My math is failing me, what would the estimated redemption price be at current rate of 2.81% (1.81 3-yr treasury rate+ 1%)
Would that not be 102.81?
LOL – what the heck am I thinking, I was reading the indenture section about how it is the present value of note discounted at treasury rate + 1% and then I re-read the thing ……..
Going through the bond pricing formula from school …………
That part of the FAQ section isn’t very clear. The present value of all of the interest payments up to April 30, 2021 are also due on redemption. This makes it very unlikely they will want to pay that kind of premium unless the gold price has moved significantly higher and is expected to stay high.
“Applicable Premium” means, with respect to any Note on any Redemption Date, the greater of:
(d) 1.0% of the principal amount of the Note; and
(e) the excess, if any, of (i) the present value at such Redemption Date of (1) the redemption
price of the Note at April 30, 2021 (such redemption price being set forth in Section
4.1(c)) plus (2) all required interest payments due on the Note through April 30, 2021
(excluding accrued and unpaid interest to but excluding the Redemption Date), computed
using a discount rate equal to the Treasury Rate plus 100 basis points and discounted to
the Redemption Date on a semi-annual basis (assuming a 360-day year consisting of
twelve 30-day months) over (ii) the principal amount of the Note.

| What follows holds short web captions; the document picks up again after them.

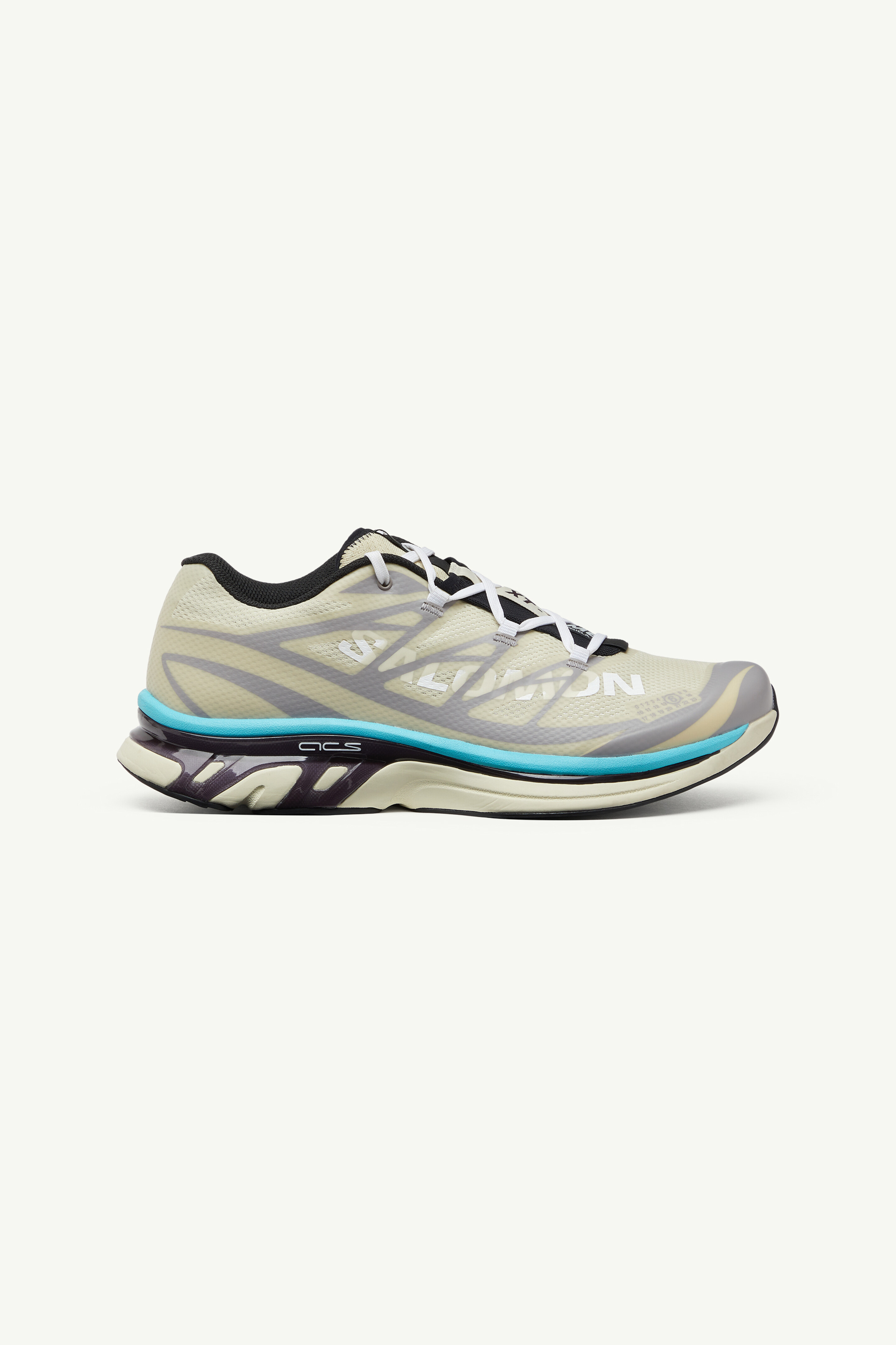 MM6 x Salomon XT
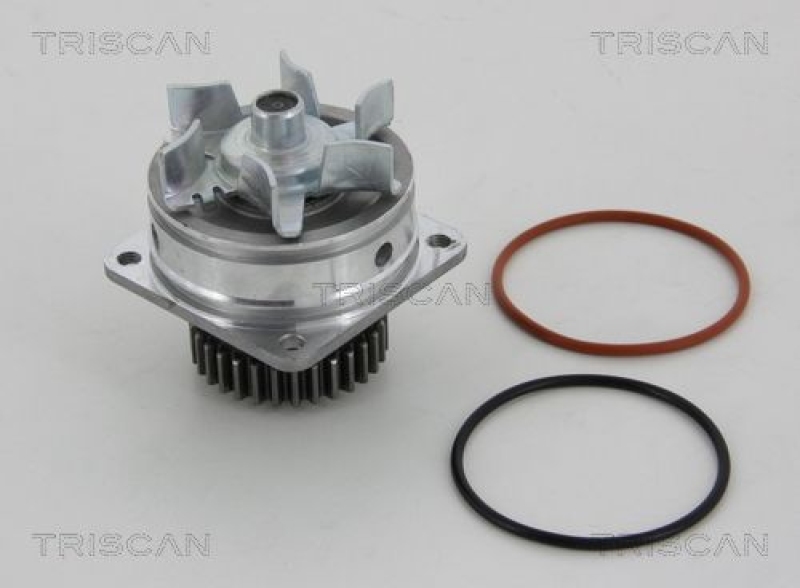 TRISCAN 8600 14017 Wasserpumpe für Nissan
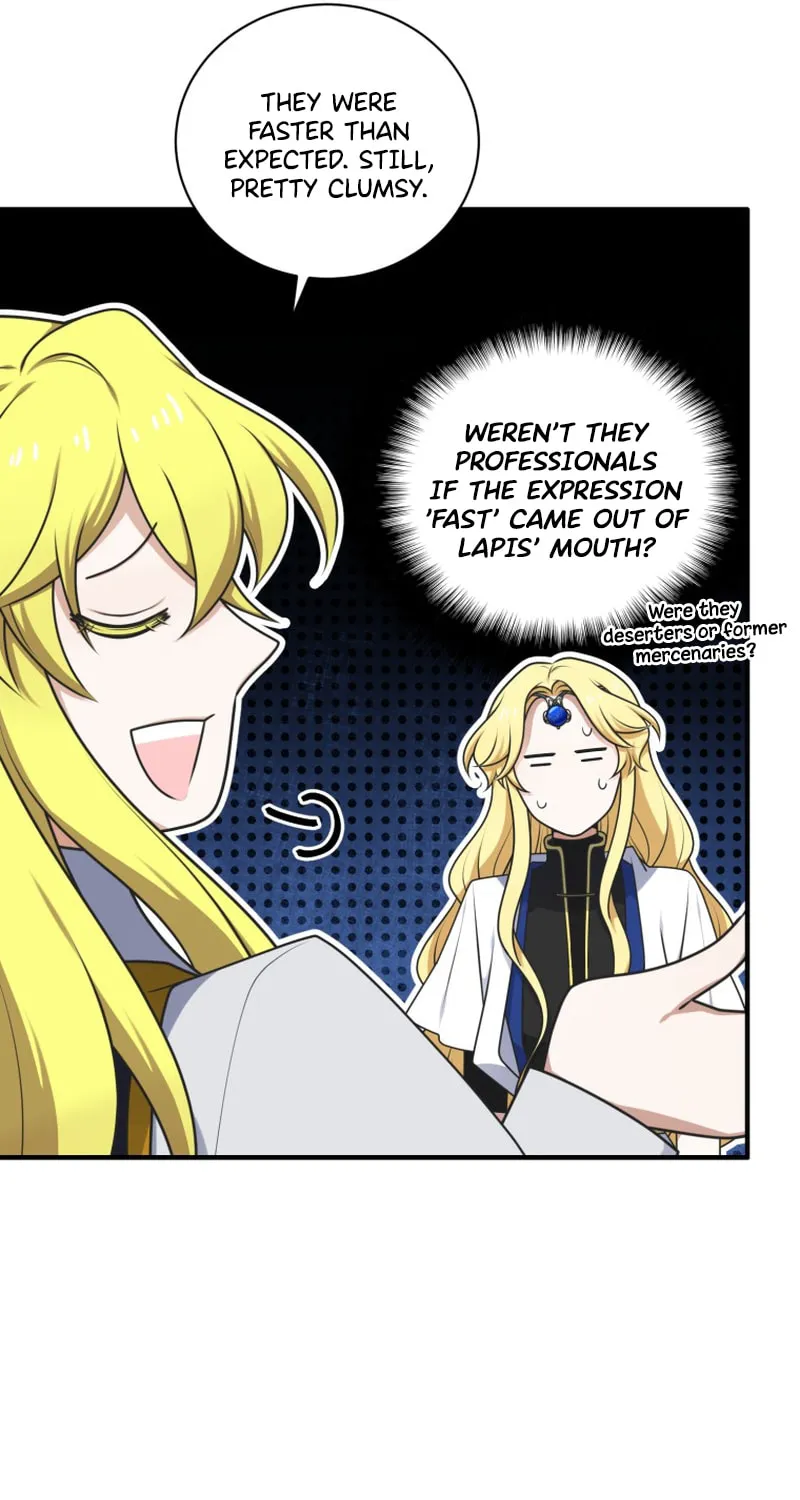 Read Elqueeness chapter 244 image 21 on Lezhin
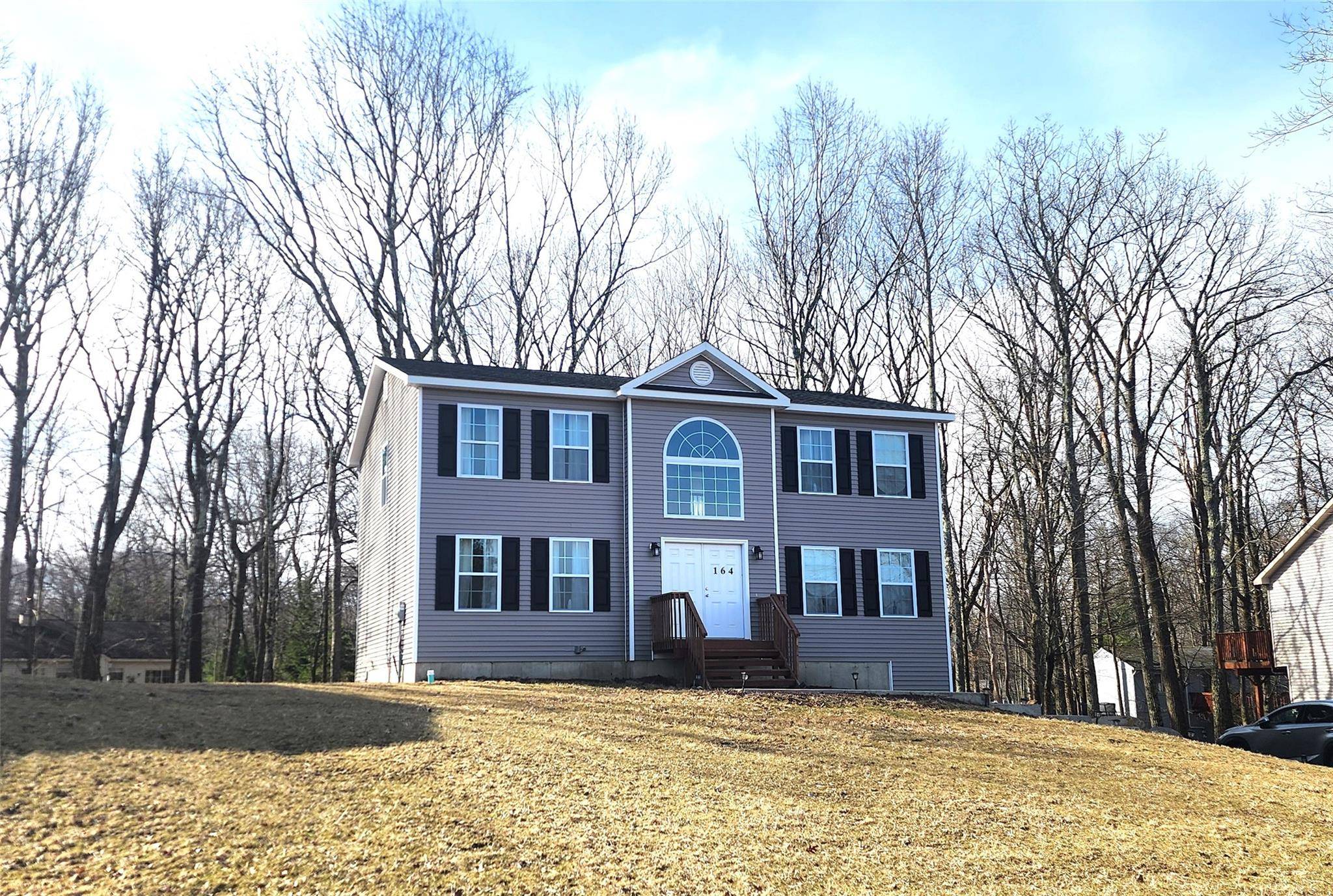 Rock Hill, NY 12775,164 Lake Shore DR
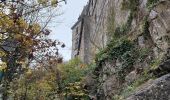 Tocht Stappen Durbuy - De Durbuy à Palange et retour. - Photo 1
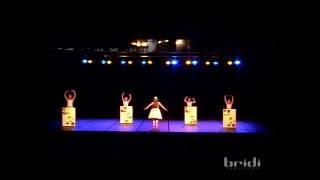 Ballet Danniele Pinheiro - Doce Surpresa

I appreciate your work on Gran Colombia…..going back as far as the last debentures.
Thanks.
thank you for bringing Gran Columbia Gold notes to light – picked some up a couple months ago and will hold until called. Any more comments on higher yielding fixed income ideas would be appreciated (ie. convertible debentures which are not well covered in Canada)
@Safety: It is interesting how massive amount of cognitive biases can creep into one’s brain over time – I’ve made a lot of errors on my interpretation. Even more shamefully, I’ve read the indenture before and clearly don’t remember a thing from it.
Mistakes I made:
1. The “Treasury Rate” is a function of the US Treasury Bond, not the Canadian. (this is strictly a function of my terrible reading comprehension – my flawed brain contradicting my own eyeballs)
2. I don’t see any reference to a 3 year rate in the indenture. Assuming any call will happen after April 30, 2020 (not 2021) we have the following:
“… provided, however, that if the period from the Redemption Date to April 30, 2021 is less than one year, the weekly average yield on actively traded United States Treasury securities adjusted to a constant maturity of one year will be used.”
3. Let’s break apart “Applicable Premium”:
[I also note an amusing MS-Word formatting flaw in that they begin the lettered sequence at (d) when clearly it was supposed to be (a), but they forgot to reset it from the previous definition of “Acquired Indebetness” – a stark reminder that human beings actually produce these documents]
Greater of:
* 1% of Principal of the Note (easy enough to understand) AND
* the excess, if any, of
(i) the present value at such Redemption Date of
(1) the redemption price of the Note at April 30, 2021 (such redemption price being set forth in Section 4.1(c)) [THIS WOULD BE 104.13%] plus
(2) all required interest payments due on the Note through April 30, 2021 (excluding accrued and unpaid interest to but excluding the Redemption Date), computed using a discount rate equal to the Treasury Rate plus 100 basis points [THIS WOULD BE 8.25%/12 PER MONTH, LET’S SAY THE TREASURY RATE IS 2%, WOULD MAKE THE DISCOUNT 3%, AND PRETEND THE CALL WAS MAY 1, 2020 – THE PV SUM IS ROUGHLY 8.12%]
and discounted to the Redemption Date on a semi-annual basis (assuming a 360-day year consisting of twelve 30-day months) [ADDING THE ABOVE, SEMI-ANNUAL PV IS 108.96%]
over (ii) the principal amount of the Note. [THIS WOULD BE 100%]
The point of this is:
a) The 3 year treasury rate just doesn’t apply anywhere (the FAQ is totally incorrect)
b) A call date before April 30, 2021 looks improbable on costs – the payment would be a lot higher than 104.13. So I was totally incorrect in the post above.
I guess the most likely outcome will be this thing get called at 104.13 for Apr 30 with gold at current level.
If management didn’t own so much of them, I would agree but Serafino might want to keep them outstanding just for that reason.
They will also likely issue some similar type debt at some point to fund part of the Marmato expansion. Marmato drops out of the collateral package in April 2020, I think, assuming they stay current on their payments.
@Safety: It could also be possible they don’t redeem because at that point in time the absolute value in prinicpal is so small that the percentage bonus they are giving out on gold doesn’t count for that much money (e.g. the October 31, 2023 gold bonus at $1,400/Oz would be 4% for that quarter alone – but there’d only be $6M outstanding after the redemption).
The other more relevant reason why I think they’d redeem sometime after April 2021 is because it can release the security on the assets and get rid of certain covenants. After April 30, 2021 there will be US$42.5 million outstanding and assuming GCM doesn’t blow it all on SSP or some other misguided ventures, they should be able to pay it outright with gold at present levels.